= Music in the Parks =

American music festival

Music in the Parks is a day-long or two-day festival for student choral, orchestral, and band ensembles, held annually across the United States. Music groups perform before adjudicators who rate the ensemble in the morning, and then spend the day at an amusement park. The day culminates with an awards ceremony. Awards can be given to either a single player or a whole ensemble.
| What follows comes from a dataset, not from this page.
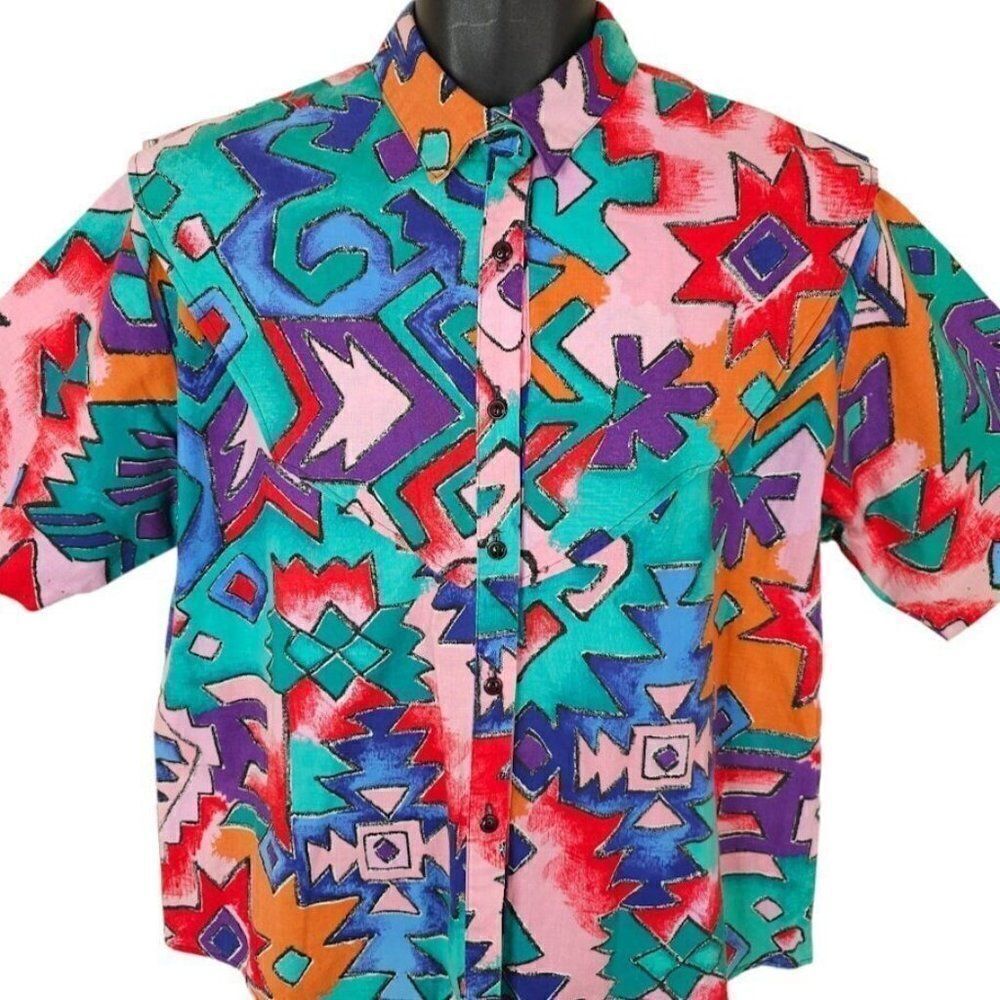 Rafter JX Western Shirt Womens Size XL Vintage 80s 90s Southwestern Made In USA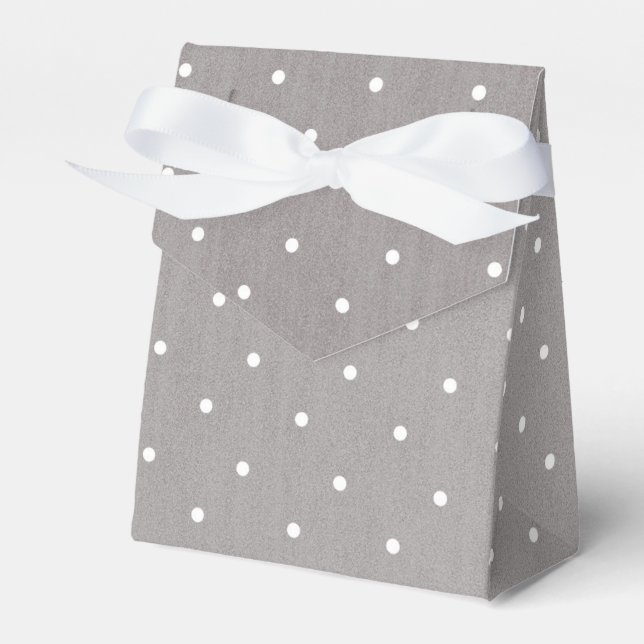 Caja Para Regalos Gris y Blanco Pequeños Lunares Moderno Chic (Front Side)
The festivals are organized by the Educational Programs Network.

==Company information==
The program was first founded in 1981 by Dr. James R. Wells. The Educational Programs Networks hosts over 200,000 music students each year.

==Locations==
Busch Gardens Tampa Bay Tampa, FL

Busch Gardens Williamsburg Williamsburg, VA

California's Great America Santa Clara, CA

Carowinds Charlotte, NC

Cedar Point Sandusky, OH

Darien Lake Buffalo, NY

Disneyland Resort Anaheim, CA

Dollywood Pigeon Forge, TN

Dorney Park & Wildwater Kingdom Allentown, PA

Elitch Gardens Denver, CO

Hersheypark Hershey, PA

Kennywood Pittsburgh, PA

Kings Dominion Richmond, VA

Kings Island Cincinnati, OH

Knotts Berry Farm Anaheim, CA

Lagoon Salt Lake City, UT

Lake Compounce Bristol, CT

Morey's Piers Wildwood, NJ

Oaks Park Portland, OR

Santa Cruz Beach Boardwalk Santa Cruz, CA

Sea World Orlando Orlando, FL

Sea World San Diego San Diego, CA

Silver Dollar City Branson, MO

Silverwood Coeur D'Alene, ID

Six Flags America Largo, MD

Six Flags Discovery Kingdom Vallejo, CA

Six Flags Fiesta Texas San Antonio, TX

Six Flags Great Adventure Jackson, NJ

Six Flags Great America Chicago, IL

Six Flags Magic Mountain Los Angeles, CA

Six Flags New England Agawam, MA

Six Flags Over Georgia Atlanta, GA

Six Flags Over Texas Dallas, TX

Six Flags St. Louis St. Louis, MO

Universal Orlando Orlando FL

Universal Studios Hollywood Universal City, CA

Valleyfair Minneapolis, MN

Wild Waves Theme Park Seattle, WA

Worlds of Fun Kansas City, MO

==Categories==

There are many different categories in the Music in the Parks festival. There are categories for band, Orchestra, and choir. Each of these has a high school and junior high/middle school category. The categories are then split up into A or AA, depending on the size of the school. Also, there are different types of band, orchestra, and choir, such as concert band, jazz band, mixed choir, and women's choir. Finally, there are other awards given that are based on overall achievement or attitude, as well as for an individual member of a group.

== Awards ==

Once the group, orchestra, band and/or choir performs at the performance area, they go to the amusement park of the director's choice, and at night, they go to the location of which they are told, according to where they performed, and are given their awards at a ceremony. Students from each group are asked to represent the school or group and receive the award in honor of the school. Every school gets an award, and there are rankings (1st, 2nd, 3rd, and so on) according to how many groups entered. There are also scales on which how you performed (90 - 100% = Superior, 80 - 89.9% = Excellent, 70-79.9% = Good, 60 - 69.9% = Fair, 50 - 59% = Poor, and <50 = Participant) But even if you win 1st, you are not guaranteed Superior, and if you are placed last, you can still be Superior (since that is based on the performance score).